**** MATERIAL PROVIDED ****

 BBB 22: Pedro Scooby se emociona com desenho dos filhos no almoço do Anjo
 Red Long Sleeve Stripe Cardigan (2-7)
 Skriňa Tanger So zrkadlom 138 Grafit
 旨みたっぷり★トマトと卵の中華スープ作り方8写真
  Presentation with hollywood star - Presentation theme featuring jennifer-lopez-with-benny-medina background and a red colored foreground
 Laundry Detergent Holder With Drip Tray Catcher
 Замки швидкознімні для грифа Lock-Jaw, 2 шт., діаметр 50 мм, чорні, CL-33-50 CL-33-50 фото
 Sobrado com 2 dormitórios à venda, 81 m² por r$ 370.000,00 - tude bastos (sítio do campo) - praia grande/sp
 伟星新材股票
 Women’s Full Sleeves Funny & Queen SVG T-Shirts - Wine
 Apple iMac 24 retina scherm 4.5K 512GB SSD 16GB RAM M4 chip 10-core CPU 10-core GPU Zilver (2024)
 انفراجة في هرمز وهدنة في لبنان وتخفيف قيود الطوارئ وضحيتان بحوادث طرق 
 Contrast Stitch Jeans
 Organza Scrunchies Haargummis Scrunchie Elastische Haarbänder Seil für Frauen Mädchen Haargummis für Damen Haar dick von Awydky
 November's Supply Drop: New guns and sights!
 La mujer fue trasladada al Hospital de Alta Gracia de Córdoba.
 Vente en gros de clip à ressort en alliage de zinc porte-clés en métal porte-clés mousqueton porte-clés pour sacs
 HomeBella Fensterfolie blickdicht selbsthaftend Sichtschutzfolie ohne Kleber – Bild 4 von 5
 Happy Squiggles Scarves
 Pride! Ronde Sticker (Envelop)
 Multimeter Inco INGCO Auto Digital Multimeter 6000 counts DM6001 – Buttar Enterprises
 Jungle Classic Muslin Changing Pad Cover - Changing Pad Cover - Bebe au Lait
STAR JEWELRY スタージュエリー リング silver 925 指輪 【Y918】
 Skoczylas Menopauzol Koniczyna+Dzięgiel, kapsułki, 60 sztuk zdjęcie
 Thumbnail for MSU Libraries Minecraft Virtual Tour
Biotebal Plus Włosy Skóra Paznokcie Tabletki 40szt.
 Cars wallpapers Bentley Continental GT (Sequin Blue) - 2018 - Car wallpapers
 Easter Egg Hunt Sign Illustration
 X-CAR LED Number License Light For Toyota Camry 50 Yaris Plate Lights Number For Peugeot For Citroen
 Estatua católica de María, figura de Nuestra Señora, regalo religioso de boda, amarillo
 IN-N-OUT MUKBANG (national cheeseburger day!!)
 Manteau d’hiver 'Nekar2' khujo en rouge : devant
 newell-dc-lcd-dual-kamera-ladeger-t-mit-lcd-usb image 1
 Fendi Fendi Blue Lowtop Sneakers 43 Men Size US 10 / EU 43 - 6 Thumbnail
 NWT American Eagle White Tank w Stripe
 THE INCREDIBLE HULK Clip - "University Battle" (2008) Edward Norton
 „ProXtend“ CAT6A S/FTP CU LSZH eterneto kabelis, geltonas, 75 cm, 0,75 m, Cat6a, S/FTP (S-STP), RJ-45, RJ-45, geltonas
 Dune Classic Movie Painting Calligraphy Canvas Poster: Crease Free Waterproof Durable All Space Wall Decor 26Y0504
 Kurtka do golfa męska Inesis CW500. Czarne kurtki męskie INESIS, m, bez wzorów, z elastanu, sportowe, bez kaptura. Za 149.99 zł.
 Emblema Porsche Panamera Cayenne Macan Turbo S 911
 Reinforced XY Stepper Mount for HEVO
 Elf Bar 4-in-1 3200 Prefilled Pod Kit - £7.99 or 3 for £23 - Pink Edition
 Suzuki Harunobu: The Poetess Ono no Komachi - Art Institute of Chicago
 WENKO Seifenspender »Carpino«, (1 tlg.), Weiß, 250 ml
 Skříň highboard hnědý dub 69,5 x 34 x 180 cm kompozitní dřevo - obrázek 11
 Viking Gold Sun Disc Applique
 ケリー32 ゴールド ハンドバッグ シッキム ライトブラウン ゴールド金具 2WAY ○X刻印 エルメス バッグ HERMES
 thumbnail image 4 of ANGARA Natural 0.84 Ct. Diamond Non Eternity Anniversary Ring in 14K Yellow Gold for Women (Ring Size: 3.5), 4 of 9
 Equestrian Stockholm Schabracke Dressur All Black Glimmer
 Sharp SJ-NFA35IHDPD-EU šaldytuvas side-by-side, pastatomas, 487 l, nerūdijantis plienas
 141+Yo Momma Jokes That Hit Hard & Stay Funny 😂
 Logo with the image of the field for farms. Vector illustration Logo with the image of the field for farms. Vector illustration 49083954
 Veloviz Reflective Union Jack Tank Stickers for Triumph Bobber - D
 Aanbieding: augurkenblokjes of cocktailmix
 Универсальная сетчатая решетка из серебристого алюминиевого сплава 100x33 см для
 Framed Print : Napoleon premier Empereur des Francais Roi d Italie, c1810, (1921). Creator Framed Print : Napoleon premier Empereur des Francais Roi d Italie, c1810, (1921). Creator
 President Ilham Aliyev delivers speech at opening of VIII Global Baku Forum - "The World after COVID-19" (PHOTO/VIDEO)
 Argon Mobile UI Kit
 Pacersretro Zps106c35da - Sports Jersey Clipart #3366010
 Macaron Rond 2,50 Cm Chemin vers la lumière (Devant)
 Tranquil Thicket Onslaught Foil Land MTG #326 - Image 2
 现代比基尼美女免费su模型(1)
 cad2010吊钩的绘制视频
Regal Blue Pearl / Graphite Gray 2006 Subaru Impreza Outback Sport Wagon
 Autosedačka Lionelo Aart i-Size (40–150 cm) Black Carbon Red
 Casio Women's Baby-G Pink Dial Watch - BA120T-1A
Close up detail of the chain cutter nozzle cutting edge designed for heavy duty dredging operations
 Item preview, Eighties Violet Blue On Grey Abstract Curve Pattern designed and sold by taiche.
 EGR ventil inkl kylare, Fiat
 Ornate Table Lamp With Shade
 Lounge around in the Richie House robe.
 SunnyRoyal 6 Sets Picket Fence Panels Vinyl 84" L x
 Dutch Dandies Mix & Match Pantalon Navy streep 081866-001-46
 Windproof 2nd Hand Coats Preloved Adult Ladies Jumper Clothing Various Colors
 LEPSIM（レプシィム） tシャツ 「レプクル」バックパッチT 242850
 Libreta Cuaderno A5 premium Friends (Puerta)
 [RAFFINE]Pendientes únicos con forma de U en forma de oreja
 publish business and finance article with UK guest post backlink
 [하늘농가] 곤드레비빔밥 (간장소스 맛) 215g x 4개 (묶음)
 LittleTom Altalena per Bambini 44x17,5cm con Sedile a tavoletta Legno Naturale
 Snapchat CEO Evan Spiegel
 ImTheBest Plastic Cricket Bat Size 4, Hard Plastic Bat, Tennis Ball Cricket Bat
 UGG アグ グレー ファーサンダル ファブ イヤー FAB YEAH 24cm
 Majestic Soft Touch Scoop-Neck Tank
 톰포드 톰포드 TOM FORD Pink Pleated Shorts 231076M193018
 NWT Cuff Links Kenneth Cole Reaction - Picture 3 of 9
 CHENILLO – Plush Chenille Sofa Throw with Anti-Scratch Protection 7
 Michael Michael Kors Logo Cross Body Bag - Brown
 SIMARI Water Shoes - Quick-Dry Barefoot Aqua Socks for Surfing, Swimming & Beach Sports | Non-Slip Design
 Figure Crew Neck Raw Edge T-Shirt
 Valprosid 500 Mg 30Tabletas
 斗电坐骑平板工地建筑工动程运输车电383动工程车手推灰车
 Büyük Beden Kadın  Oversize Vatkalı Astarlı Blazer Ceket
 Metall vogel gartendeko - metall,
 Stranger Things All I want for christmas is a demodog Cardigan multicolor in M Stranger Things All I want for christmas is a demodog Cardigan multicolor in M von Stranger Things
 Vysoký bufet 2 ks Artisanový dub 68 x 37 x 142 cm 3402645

****

YOUR GOAL
Only the lines above from the line containing "La mujer fue" through the line containing "Skříň highboard hnědý" should be retyped, exactly and with both ends included.

SOLUTION
 La mujer fue trasladada al Hospital de Alta Gracia de Córdoba.
 Vente en gros de clip à ressort en alliage de zinc porte-clés en métal porte-clés mousqueton porte-clés pour sacs
 HomeBella Fensterfolie blickdicht selbsthaftend Sichtschutzfolie ohne Kleber – Bild 4 von 5
 Happy Squiggles Scarves
 Pride! Ronde Sticker (Envelop)
 Multimeter Inco INGCO Auto Digital Multimeter 6000 counts DM6001 – Buttar Enterprises
 Jungle Classic Muslin Changing Pad Cover - Changing Pad Cover - Bebe au Lait
STAR JEWELRY スタージュエリー リング silver 925 指輪 【Y918】
 Skoczylas Menopauzol Koniczyna+Dzięgiel, kapsułki, 60 sztuk zdjęcie
 Thumbnail for MSU Libraries Minecraft Virtual Tour
Biotebal Plus Włosy Skóra Paznokcie Tabletki 40szt.
 Cars wallpapers Bentley Continental GT (Sequin Blue) - 2018 - Car wallpapers
 Easter Egg Hunt Sign Illustration
 X-CAR LED Number License Light For Toyota Camry 50 Yaris Plate Lights Number For Peugeot For Citroen
 Estatua católica de María, figura de Nuestra Señora, regalo religioso de boda, amarillo
 IN-N-OUT MUKBANG (national cheeseburger day!!)
 Manteau d’hiver 'Nekar2' khujo en rouge : devant
 newell-dc-lcd-dual-kamera-ladeger-t-mit-lcd-usb image 1
 Fendi Fendi Blue Lowtop Sneakers 43 Men Size US 10 / EU 43 - 6 Thumbnail
 NWT American Eagle White Tank w Stripe
 THE INCREDIBLE HULK Clip - "University Battle" (2008) Edward Norton
 „ProXtend“ CAT6A S/FTP CU LSZH eterneto kabelis, geltonas, 75 cm, 0,75 m, Cat6a, S/FTP (S-STP), RJ-45, RJ-45, geltonas
 Dune Classic Movie Painting Calligraphy Canvas Poster: Crease Free Waterproof Durable All Space Wall Decor 26Y0504
 Kurtka do golfa męska Inesis CW500. Czarne kurtki męskie INESIS, m, bez wzorów, z elastanu, sportowe, bez kaptura. Za 149.99 zł.
 Emblema Porsche Panamera Cayenne Macan Turbo S 911
 Reinforced XY Stepper Mount for HEVO
 Elf Bar 4-in-1 3200 Prefilled Pod Kit - £7.99 or 3 for £23 - Pink Edition
 Suzuki Harunobu: The Poetess Ono no Komachi - Art Institute of Chicago
 WENKO Seifenspender »Carpino«, (1 tlg.), Weiß, 250 ml
 Skříň highboard hnědý dub 69,5 x 34 x 180 cm kompozitní dřevo - obrázek 11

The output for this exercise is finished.